On the surface, Samsung’s next generation Galaxy phone is strikingly similar to its predecessor, the S8, but it does offer some design and software improvements that will please ardent fans of the series, experts say.
Here’s our round-up of what critics have made of the Samsung S9 and S9 Plus so far.
Hefty price tag
At €841 (£739) a pop, the S9 will be more expensive than the S8’s launch price of €799 (£689) but the jump in cost for the S9 Plus will be steeper. Customers will need to fork out €997 (£869 in the UK) for the bigger handset, a €100 or £90 increase from the S8 Plus (€897 in the EU, £779 in the UK).
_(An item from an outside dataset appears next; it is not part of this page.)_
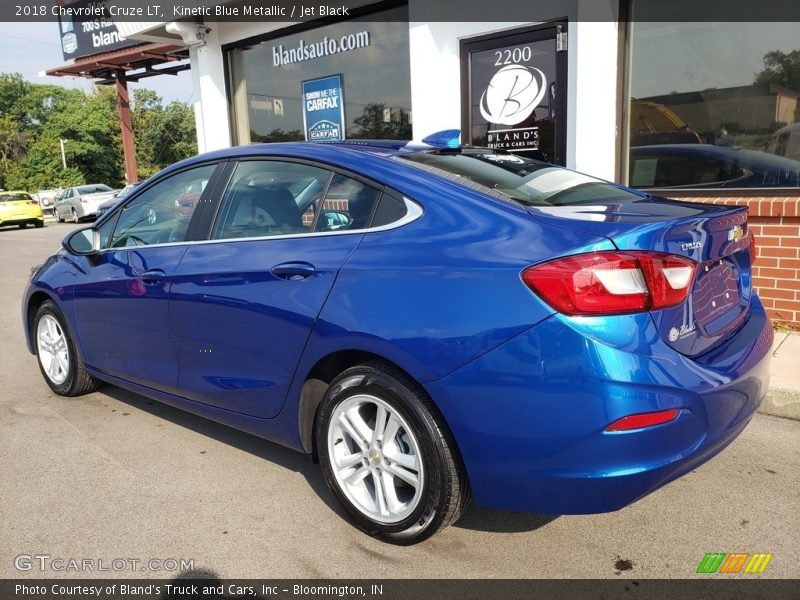 Kinetic Blue Metallic / Jet Black 2018 Chevrolet Cruze LT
“You're looking at a £50 price hike in the UK for a phone which is an incremental upgrade,” writes John McCann for Techradar.
S8 design flaw is fixed
The new handset is remarkably similar to the older model, but some small changes differentiate the two. Although many hoped it would become an in-screen function, reviewers remarked that the re-positioning of the fingerprint scanner to below the camera was still a welcome improvement.
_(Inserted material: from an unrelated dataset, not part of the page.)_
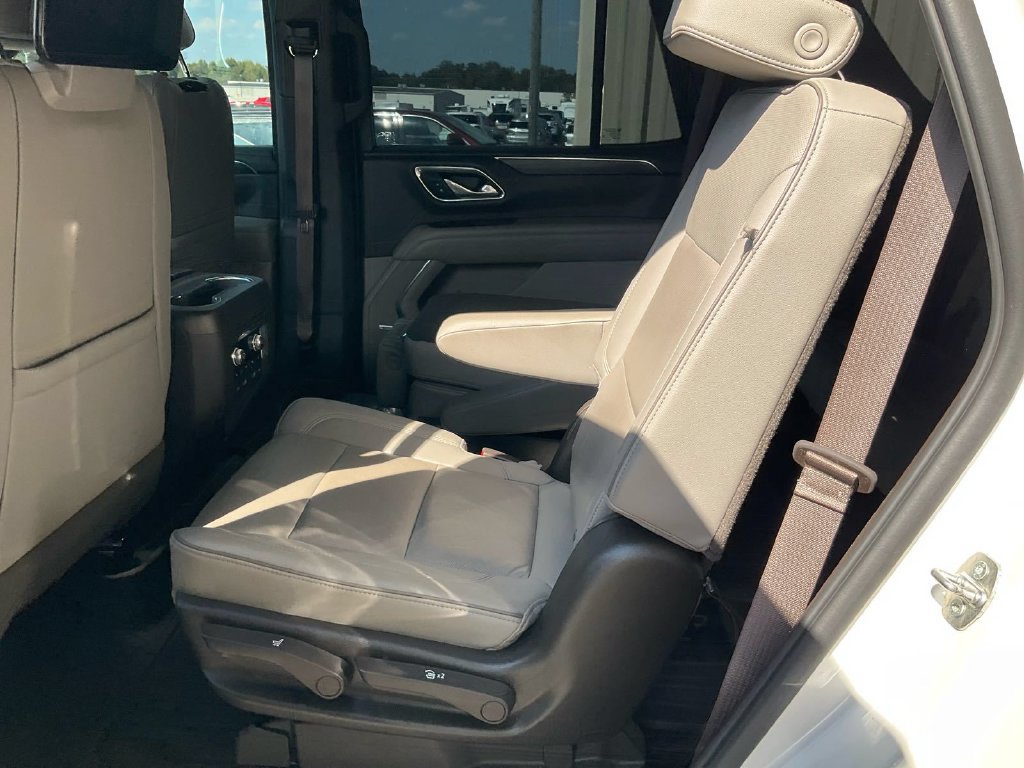Used 2021 GMC Yukon SLT w/ SLT Luxury Plus Package RWD image 4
“Last year's model made you stretch your finger awkwardly to hit the fingerprint target. No more,” said Jessica Dolcourt from CNET.
Although an unsatisfied Max Parker from TrustedReviews.com adds: “The scanner’s surface still feels a tad on the small side.”
The speakers have also been upgraded in the S9. They now produce stereo sound and are 40% louder than those on the S8, according to Samsung.
“It sounds great, with a relatively good spacial audio effect,” says McCann.
‘World-first’ camera technology
With every passing year, smartphones are getting better at rivalling digital cameras and the S9 is no exception.
The smartphone has become the world’s first – excluding the China-only W2018 flip-phone – to feature two adjustable apertures: from a bright f/1.5 to a smaller f/2.4.
“The results … are phenomenal,” writes Matthew Reynolds for Wired, adding: “Samsung’s nifty use of dual apertures might have finally made it possible to take decent photos in dark conditions.”
The S9's low-light performance has been improved further by a claimed 30% reduction in noise, and reviewers noted the addition of a slow-motion recording option, which can capture up to 960 frames per second at 720p resolution.
“The resulting clip looked crisp and detailed,” says Reynolds, who watched Samsung demonstrate the feature in Barcelona. Meanwhile, Endgadget’s Cherlynn Low is more critical.
“During our preview, this feature behaved erratically,” she writes.
“It worked well when the subject was perfectly still before something moved into the frame, but most other times, it didn't use slo-mo when you'd expect.”
New and upgraded features to rival the iPhone
With Apple’s Animoji in mind, Samsung has launched AR Emoji, a feature which lets users create customised 3D avatars using selfies. The avatars can then be used to make expressive stickers for messaging apps, or be used as a placeholder for video messages.
Its reception among critics has been lukewarm at best.
“The experience was definitely sub-par,” says Dolcourt.
She adds: “AR Emoji need to be much more nuanced to feel like ‘you’, and they need to track your smile. The avatars didn't match our skin and hair tones, and were unable to naturally smile when we did. Creepy.”
Piling on the scepticism is Techradar’s McCann, who writes: “The quality of the likeness varies quite a lot, and you may question if the character on screen is really based on you.”
Samsung’s virtual assistant Bixby also boasts some innovative new features in the S9. It can be used to count calories when the camera is pointed towards various foodstuffs. An estimated figure is then fed and logged into the Samsung Health app. Another addition is the live translation function which can translate signs and notices in seconds while connected to the internet — but with variable accuracy.
Brian Heater from Techcrunch reports: “The translations aren’t great — as evidenced by the 'You’re welcome feed the animals do not' — and the text looks a bit like it was cut out of a newspaper for a ransom letter, but it’s an impressive and useful tool nonetheless.”